As for naming, I dislike Euler spiral given the sheer amount of things named after Euler already: https://en.wikipedia.org/wiki/List_of_things_named_after_Leonhard_Euler. Alternate names include Cornu spiral or Clothoid.

SplineParameterizer returns a list of poses with curvatures, so the correct place to put the Cornu spiral generation is there (i.e., CornuSpiral and CornuSpiralParameterizer).

The path constraints of our cubic splines are start pose, start velocity, interior translations, and end pose. The path constraints of our quintic splines are start pose, interior poses, and end pose. The path constraints of Cornu spirals can be either that of cubic or quintic Hermite splines; the main difference is how the interpolation is done.

Ideally, users could combine multiple path backends in the same trajectory. Combining the trajectories after the fact is possible, but it enforces extra (possibly undesirable) dynamics constraints at the sub-trajectory boundaries. One way to facilitate that use case is overloading GenerateTrajectory() to take a list of poses with curvatures. Lists would be generated by the user with the spline or spiral parameterizers, then concatenated.

[shueja]

Following because “sub-trajectories” affects the design decisions of the PathWeaver successor, WayMaker, that I’m currently working on.

[calcmogul]

Here's some papers on numerically computing them. https://www.researchgate.net/publication/292669884_The_Clothoid_Computation_A_Simple_and_Efficient_Numerical_Algorithm https://www.researchgate.net/publication/230795109_Fast_and_accurate_clothoid_fitting

[chauser]

I'm very much in favor of adding a clothoid trajectory generator. I implemented clothoid paths for team 4061 in 2021 and we were very happy with the results for the autonomous driving tasks last year. We found it was much easier to specify and tune a path based on clothoids, arcs, and lines that our robot could follow successfully than it was to tune spline-based paths.
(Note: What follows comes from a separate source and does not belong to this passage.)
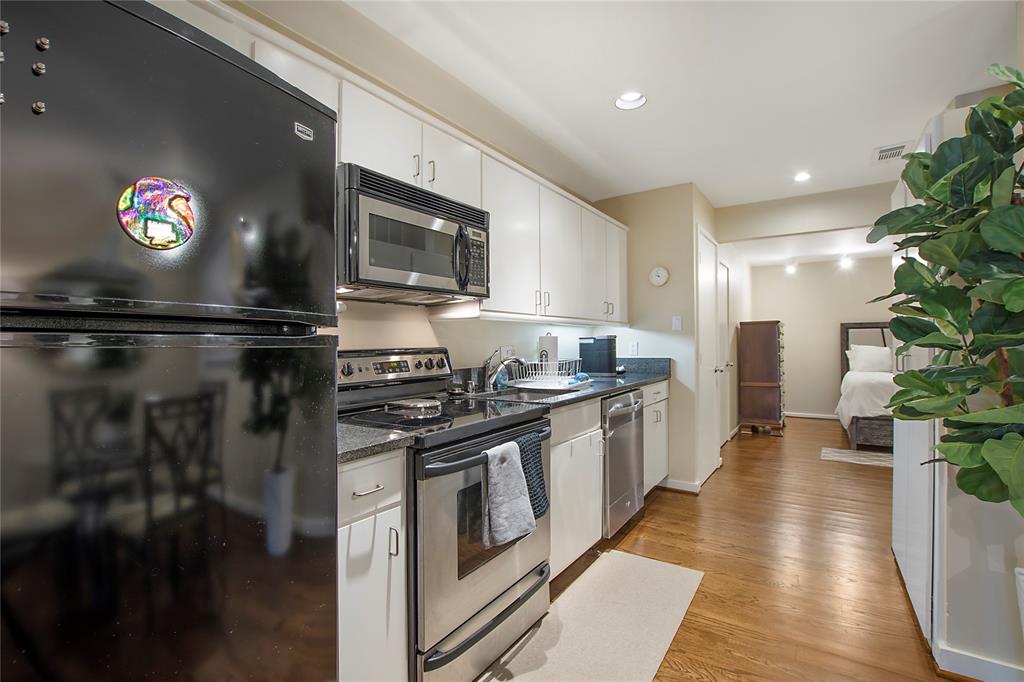 Buena Vista Street Condo 4241 - Residential Lease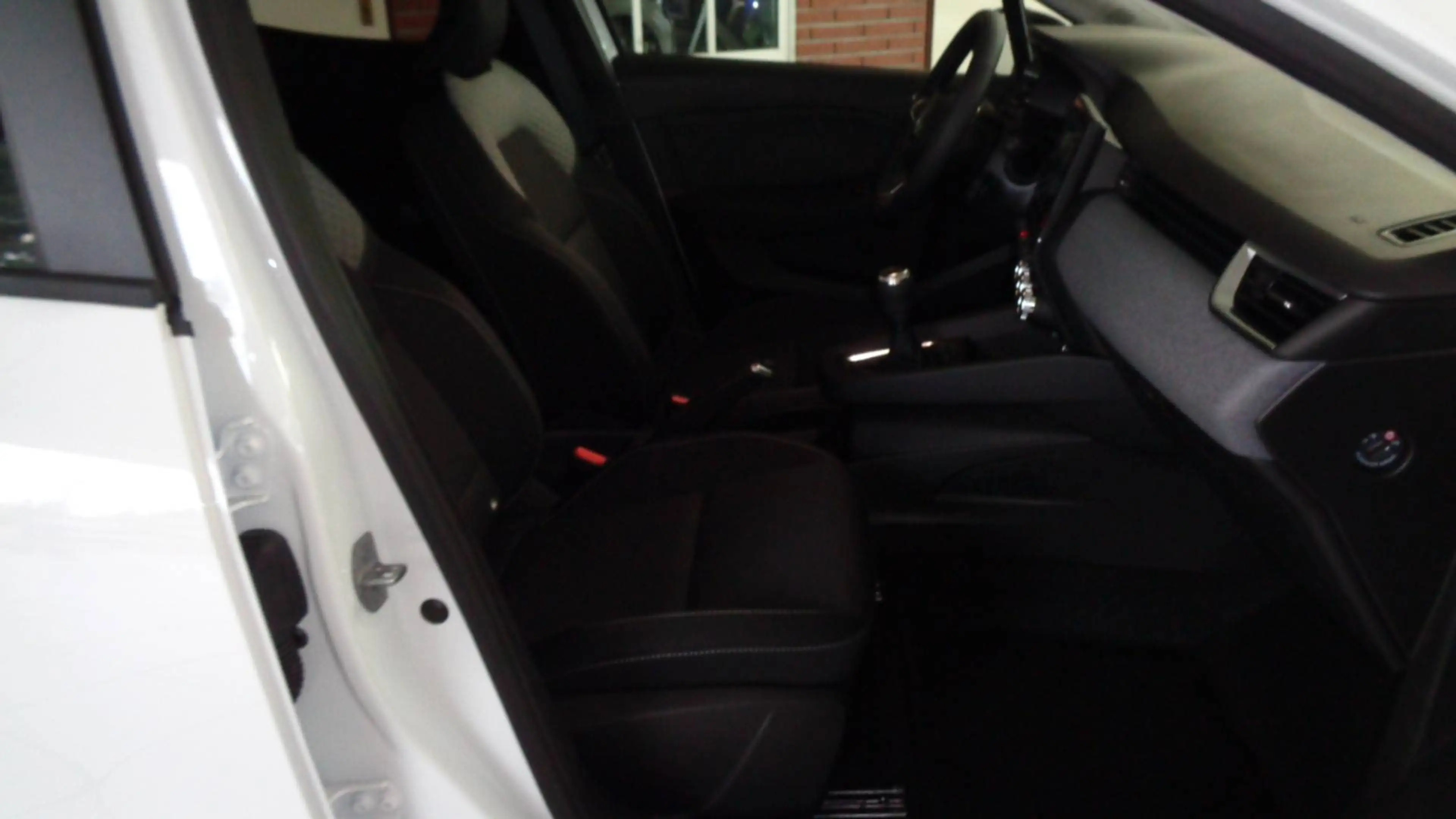 Mitsubishi Colt 1.0 Turbo-Benziner Plus #LED#SmatLink — photo 4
My approach was to make a generalized spline class (Cornu spirals and circles are not splines!) and basically lie to the trajectory-generating classes about what they were being passed. It occurred to me after I was done that in following a Cornu spiral at speed there may be only 2 or 3 changes to motor speeds between traveling straight and traveling in a circular arc; but making the transition in 2 or 3 steps seemed to work better than doing it in 1 sudden change. I'm happy to discuss further if you wish.

[calcmogul]

in following a Cornu spiral at speed there may be only 2 or 3 changes to motor speeds between traveling straight and traveling in a circular arc

If you set the boundary conditions correctly, that shouldn't happen. One of the defining features of clothoids is ensuring continuous curvature between straight line segments, constant-curvature arcs, and linearly-changing-curvature arcs.

Did you just evaluate the Fresnel integral numerically with first-order integration to draw the shape?

[chauser]

Maybe the way I was using the Cornu spirals differs from what you're envisioning: we made paths that over the great part of their length were straight lines and circular arcs with Cornu spirals connecting them. So the Cornu segments were only a couple of feet long or less. I guess I underestimated the number of steps in the motor control -- we were using a 20ms main loop so that's 5 updates/foot at 10'/s. Since the motor control is discretized you don't really get continuous curvature: my goal was simply "good enough".

For the cosine integral approximation I used: C(s) = s - s^5/10 and for sine integral: S(s) = s^3/3 - s^7/42. I have a note that says "probably bad beyond s=1 or so", but I felt they were good enough for the transitions that I needed and the physical sources of error -- primarily wheel slipping, I think.

[calcmogul]

Since the motor control is discretized you don't really get continuous curvature: my goal was simply "good enough".

Discretization shouldn't matter as long as you're sampling often enough for your drivetrain's dynamics (20 ms is probably fine, but my former team did 5 ms). Since the input is voltage, which has a linear mapping to acceleration, and the continuous variable is velocity, you can get perfect tracking with finite voltage commands from a model-based feedforward. Feedback deals with disturbances, of course.

Basically, you want to limit curvature derivative, and C2 continuity does that. When you discretize, even C1 continuity (discontinuous curvature) has a finite derivative because it's limited by the sample period (e.g., accel = (v₂ - v₁) / 20 ms). The numbers you get can still be huge tho, so C2 is better.